Sources: Massachusetts Institute of Technology, Cambridge; CP staff
As researchers at the MIT Department of Civil and Environmental Engineering-hosted Concrete Sustainability Hub seek methods of lowering carbon dioxide emissions in portland cement milling—based on lower kiln temperatures and shorter clinker phases—campus peers have a tandem effort involving another vital commodity whose production is synonymous with high carbon footprint.
In a paper for the journal Nature, Professor of Materials Chemistry Donald Sadoway and Professor of Metallurgy Antoine Allanore describe molten oxide electrolysis, a steel milling process hinging on an inexpensive iron oxide source. Research leading to their observation was backed by the American Iron and Steel Institute and U.S. Department of Energy.
Faced with the challenge of experimenting at the high temperatures attendant with steel production, they turned to electrochemistry, plus an alloy of chromium and iron, that naturally forms a thin metallic oxide film—thick enough to prevent further attack by oxygen, but thin enough to allow electric current flow. In addition to producing no emissions other than pure oxygen, the process lends itself to smaller-scale production: a few hundred thousand tons per year versus the million-plus ton figure conventional steel plants must maintain for economical viability.

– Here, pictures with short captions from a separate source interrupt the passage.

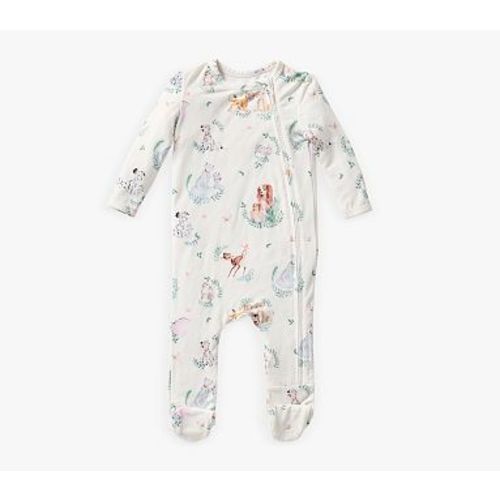 Disney Baby Baby Pajama , 3-6 Months , Multi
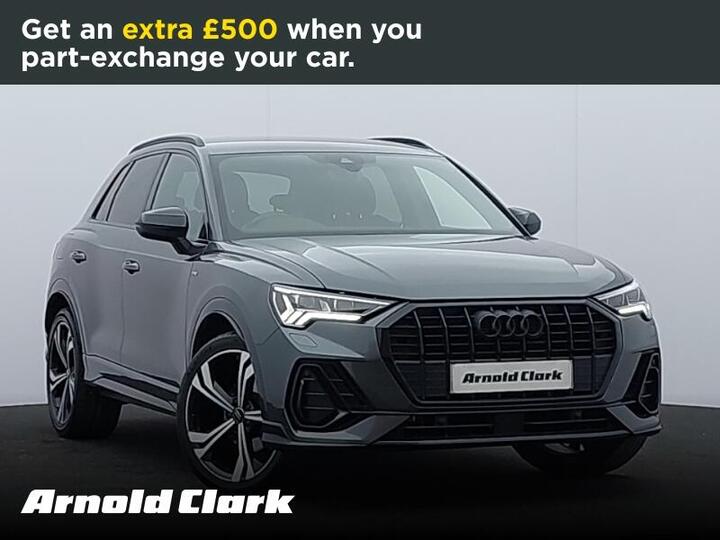 Audi Q3 1.5 TFSI CoD 35 Edition 1 Euro 6 (s/s) 5dr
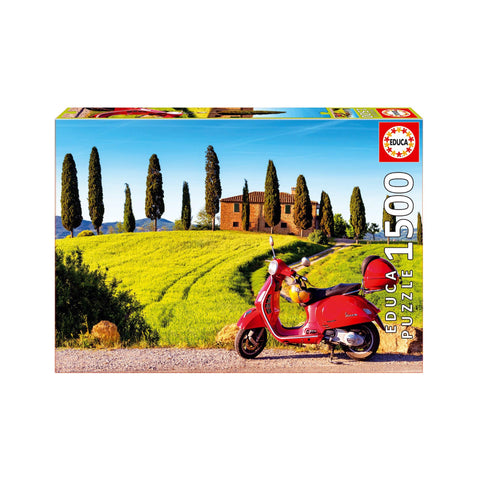 Educa - Puzzle 1500 Peças (artigo sortido)
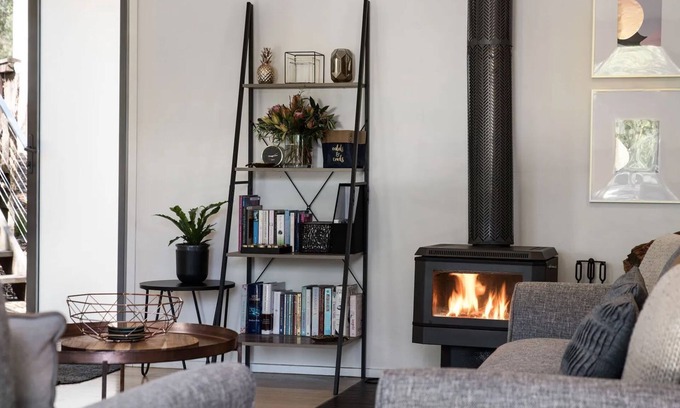 Hepburn Springs House | Discover Daruma Hepburn: Family-Friendly Villa Retreat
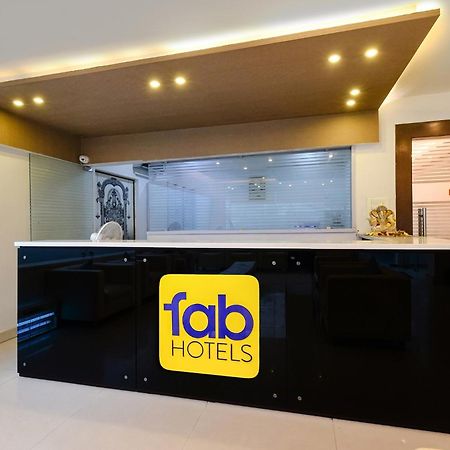 Fabhotel Aditya Homes - Nr Isb, Gachibowli Haïdarabad Extérieur photo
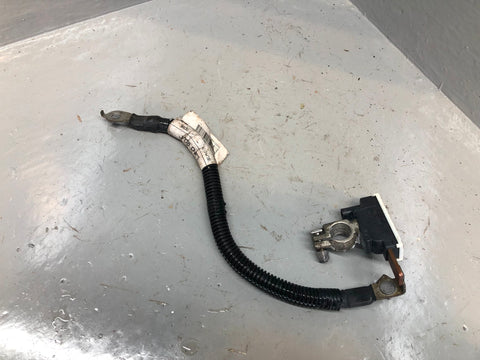 Freelander 2 Negative Battery Cable Loom CG92-14304 BA Land Rover 2011 to 2014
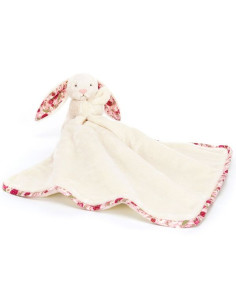 Doudou Soother lapin Berry...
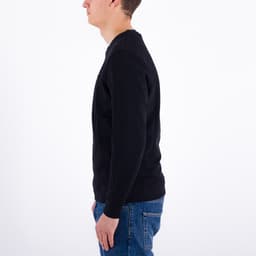 Crew Neck Sweatshirt - 4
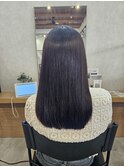 &b.こだわり縮毛矯正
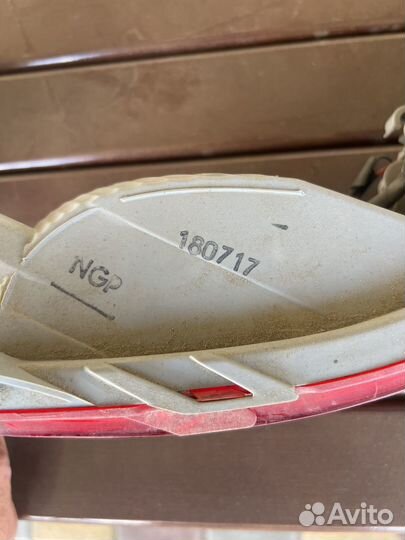 Оригинальные стопы на Kia Sportage 4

Apart from eliminating CO2 emissions, molten oxide electrolysis yields metal of exceptional purity, Professor Sadoway contends, and could be adapted to carbon-free production of other metals and alloys including nickel, titanium and ferromanganese. The researchers and a former student have formed a company to develop the concept, still at the laboratory scale, to a commercially viable prototype electrolysis cell. They project about three years to design, build and test such a reactor.